T-SQL Tuesday 177 - Managing Database Code

2024-08-12 (Last Modified: 2024-08-12)

T-SQL Tuesday is a monthly blog party hosted by a different community member each month. This month, Mala Mahadevan (blog) asks how we manage our database-related code.

Where do you keep your database code? Is it in a GIT-based repo, or just in the database the old-fashioned way?

Read on for the rest of the invitation, where Mala expands upon the question (and there is a lot to dig into).

This is a multi-part answer due to the fact that the various systems I work with have reached different levels of the Capability Maturity Model. I expect this is the case for many folks. Additionally, I work with at two different database platforms (MS SQL Server and MySQL) which were built upon by different groups with different tooling, varying levels of experience, and different amounts of planning devoted to managing their codebases and processes.

We self-host an instance of Gitlab, and anytime I refer to “git” below, I’m really referring to the whole git/Gitlab stack for repositories with managed version control. I’ll just use “git” as shorthand.

MS SQL Server

Every SQL Server database that’s been created since I started my current job has been built with Visual Studio Database Projects. The code is managed in git, and with one exception each database project has an accompanying PowerShell script that uses Publish-DbaDacPackage to deploy changes. The outlier uses a full CI/CD pipeline integrated with the rest of the corresponding application’s build process. For a variety of reasons (excuses, really), I don’t adhere super strictly to a rule of “everything goes into git first”, but I do keep git in sync with what’s deployed. I know I should, but I haven’t made the effort to make that pipeline automated enough to the point that I (and everyone else) use it.
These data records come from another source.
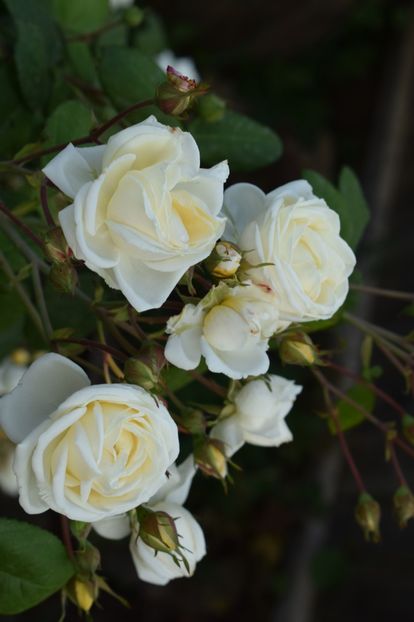  - TRANDAFIRI DE POVESTE I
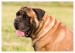 Labrador, bandog, bullmastiff 09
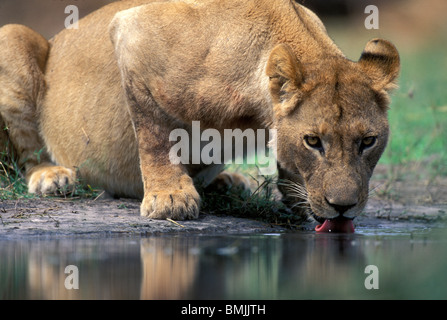 Le Botswana, Moremi, Lioness (Panthera leo) Boissons à partir de la piscine le long de la rivière Khwai tôt le matin Banque D'Images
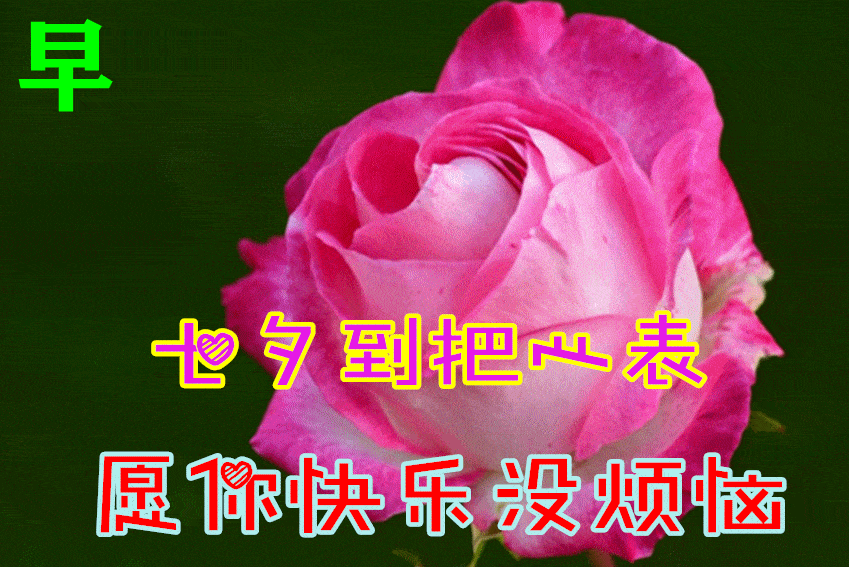 8月4日七夕早上好动态表情图片大全早晨好动图美图大全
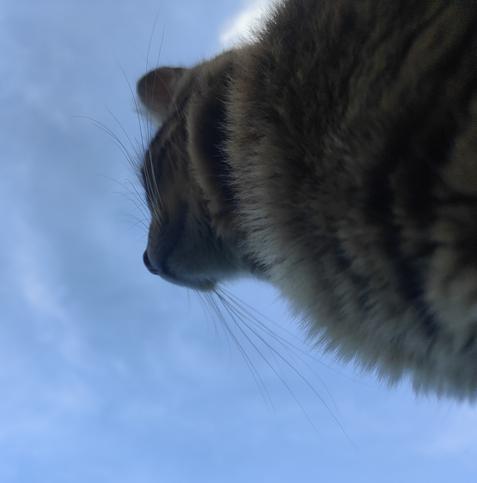 La chatonne vue d'en bas le nez vers le ciel bleu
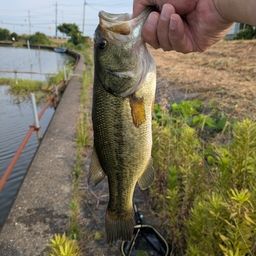 ラージマウスバス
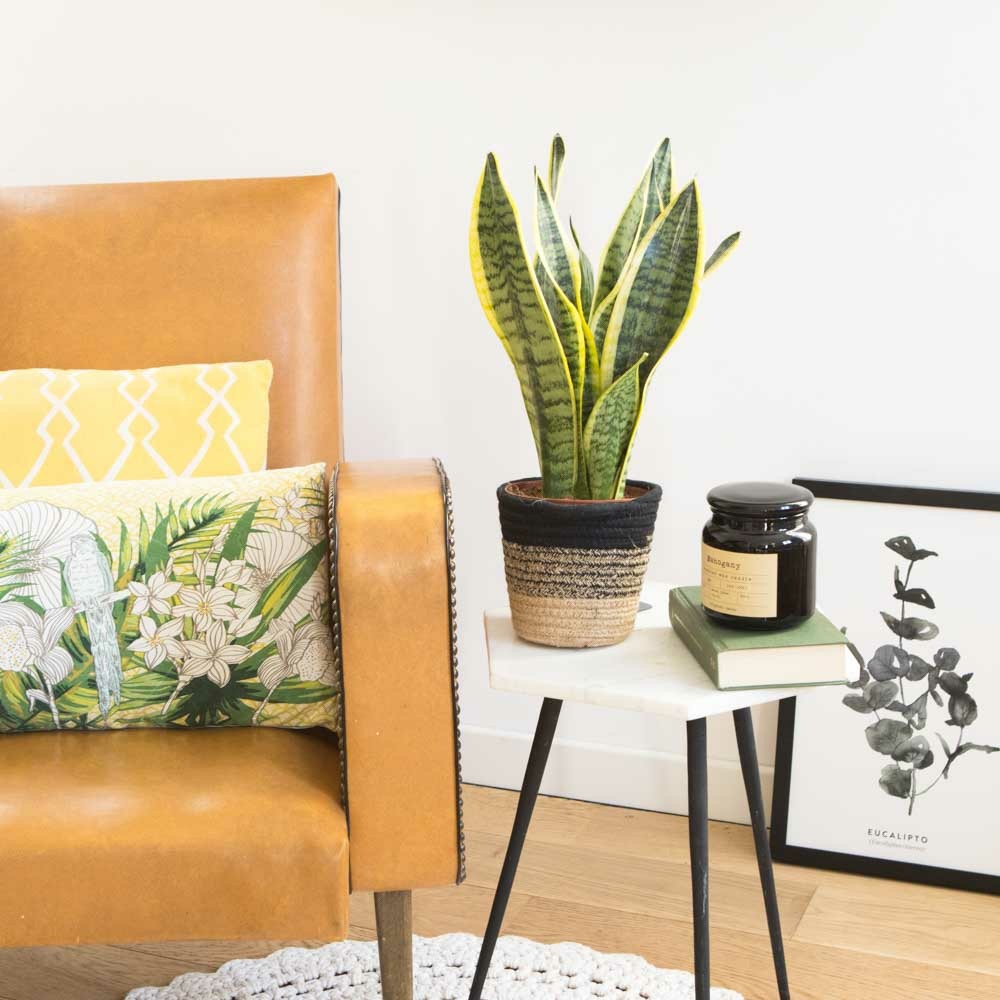 Sansevieria Ou Langue De Belle-mère D12h35
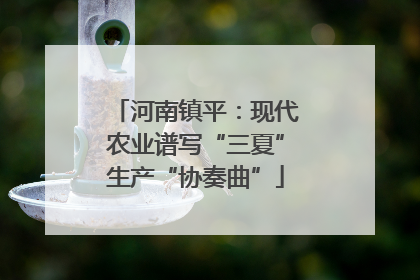 河南镇平：现代农业谱写“三夏”生产“协奏曲”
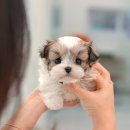 밀양동물메디컬센터 | 밀양강아지분양 미유펫에서 만난 초코파티 토이푸들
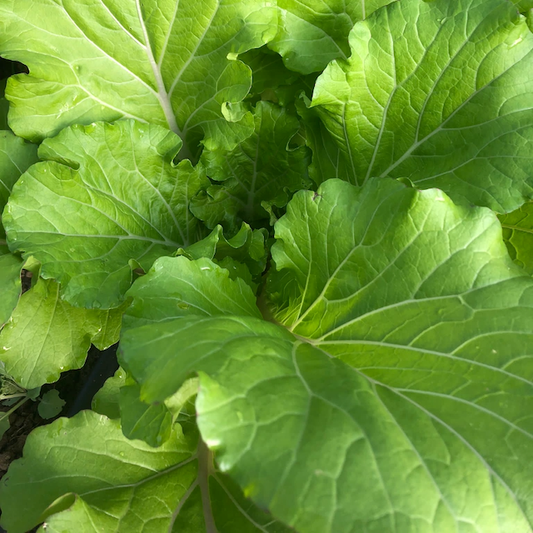 Bekana Mustard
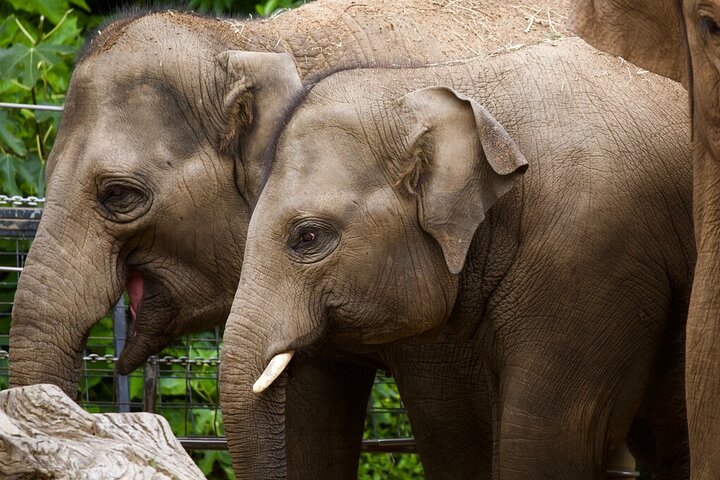 Elephant Experience at Melbourne Zoo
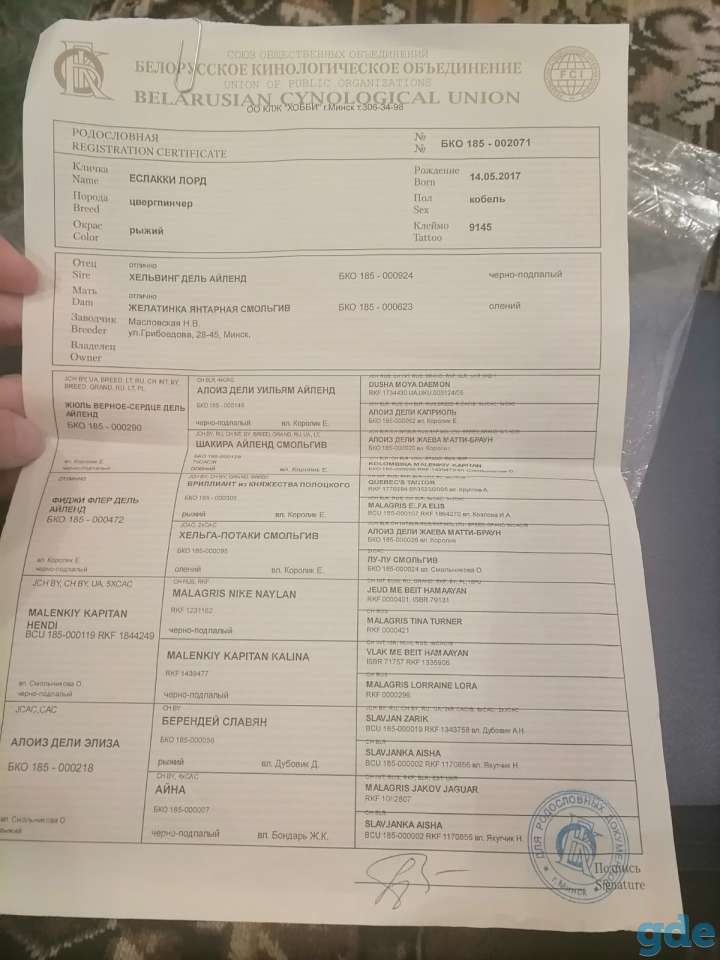 Цвергпинчер кобель со всеми документами, фотография 3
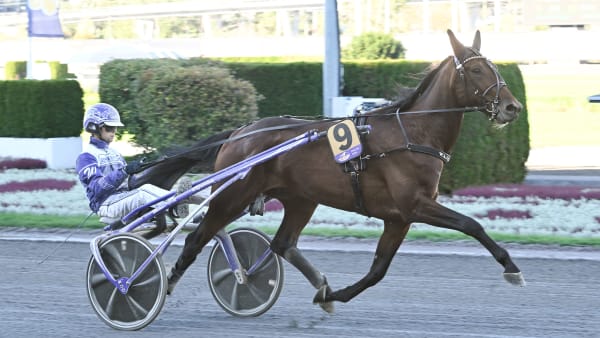 Foto: LARS JAKOBSSON / TR BILD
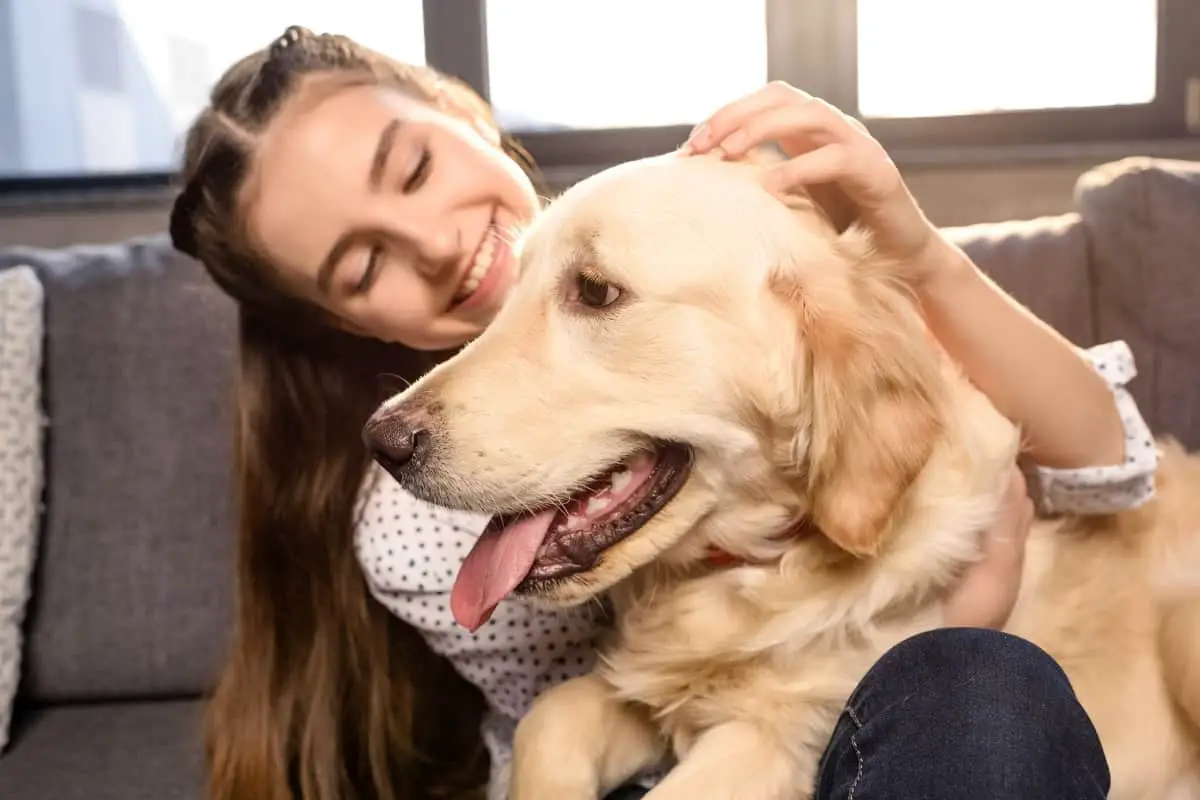 Training Golden Retrievers to be Calm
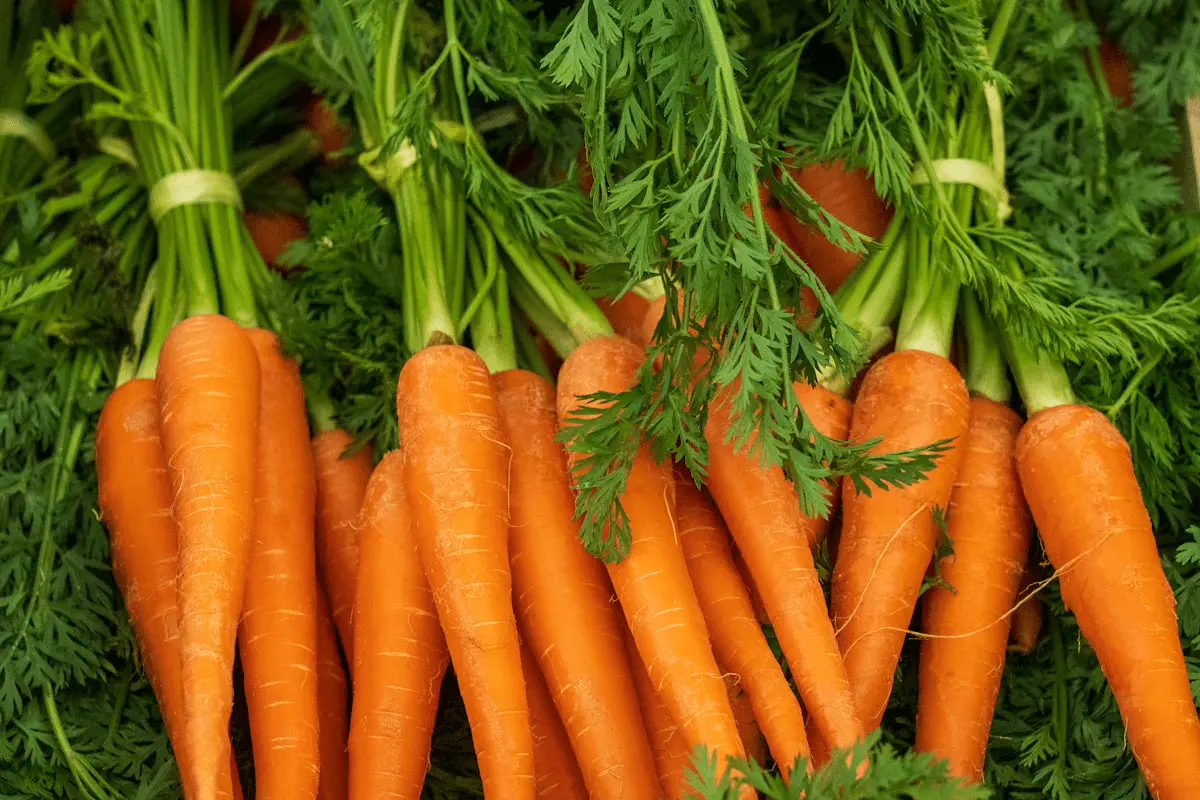 Botte de carottes oranges fraîchement arrachées avec leurs fanes vertes finement découpées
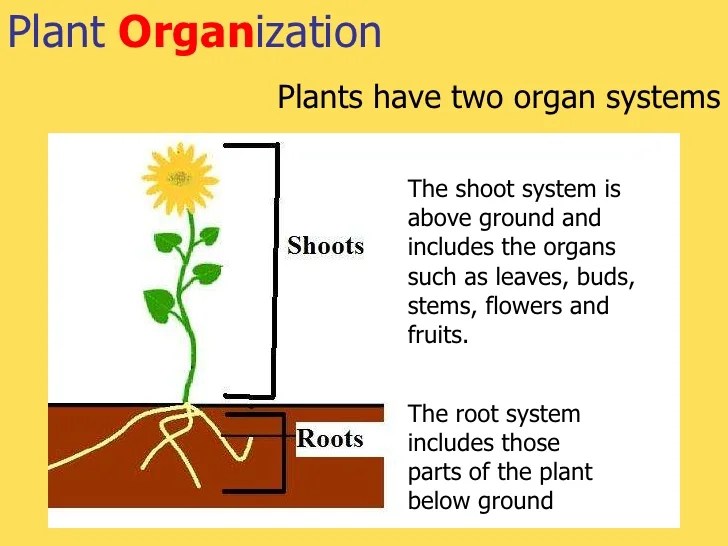 Tissues organs and systems in plants r1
But that brings me to the big database that predates me. The code behind that database is a combination of a code generator and migration scripts, all of which is in git and executed by the CI/CD pipeline after first being tested on a developer’s local copy of the empty database. I’d love to move this into Visual Studio but the current database has so many broken references and other errors flagged by Visual Studio that just getting current state to the point where it’s usable there is going to be a Herculean task.

MySQL

The management of MySQL database scripts is not quite so well-refined. Those databases have been evolved over decades and they were not set up to be managed in what one might call a modern way. No CI/CD. Most of the object definitions aren’t even in git. As we make changes, we put the “new/current” version of the objects we’re changing into git, but this will never reach 100% as there are huge swaths we’ll never touch again. We also write migration scripts to deploy those changes and put them into git, but they’re manually executed during deployments.

Other

I also have a lot of “utility” code kicking around. One-off SQL queries, queries I use to generate reports on an infrequent basis, PowerShell scripts and functions, things like that. One of the first things I did was to get my own repository set up for these so that I’d have a convenient backup and to easily share my work with others. Again, no CI/CD pipeline, but the repository is referenced frequently in my documentation, with direct links to the relevant scripts.